Well, that sure stopped them. Nope, it barely even slowed them down. In a totally out of character fit of smarts, the Pork Soldiers cleverly goose – stepped right over the entire issue with one simple phrase: “You match the description of…” By claiming that you “Match the description of” someone who was allegedly seen committing an offence, they can now, under the pretense of ‘Belief on Reasonable Grounds’, proceed with their beloved illegal search. All it took was some swift, jack-booted stomping on the Charter when no one was looking. Here’s my own personal experience with that blatant disregard for one of the few documents that actually tries to work in our favor.

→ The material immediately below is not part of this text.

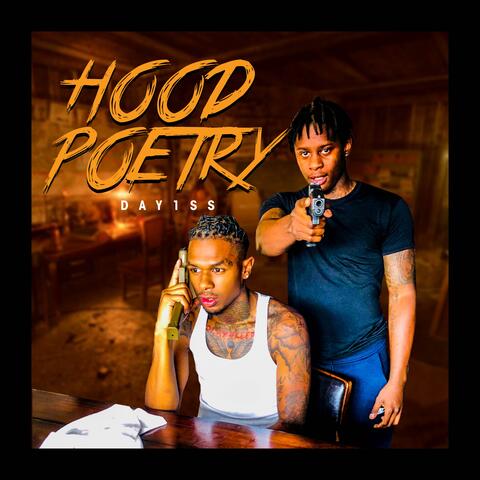Hood Poerty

I was leaving my apartment building to do some shopping when I was approached by a law enforcement creature known to everyone as ‘ROBOCOP’. He explained that I was being stopped because I “Matched the description of someone seen walking through the halls of the building”. I told him that was because I AM the description of someone seen walking through the halls of the building, and have been for the 4 years that I’ve lived here. Not finding my response particularly satisfying, he took another angle and demanded to know where I worked. I could see that he was quite pleased with my reply this time, as it gave him the opportunity to exercise his authoritative, no nonsense outside voice. “Oh, I don’t work anywhere…” I let it trail off.
ROBOCOP was well into a loud, insulting tirade, righteously indignant that he should be supporting “Low life scum of the earth” like me, when I finished my sentence with “I don’t really have time. Got a full course load at university.” Good, let him squirm just a tad, then SMACK him with the Grand Finale! “Yep, 4 years of Criminology and Canadian Law doesn’t leave much room for the job search.” I swear his voice went up three octaves as he warbled out “So, how do you like living in Surrey, sir?” How’s about that? I went from ‘scum of the earth’ to ‘sir’ in under seven seconds and I silently thanked Hollis, my first Crim Prof. His opening words to our first ever Crim class were “The best thing about taking Criminology is watching a cop’s face collapse when you tell him you’re taking Criminology.”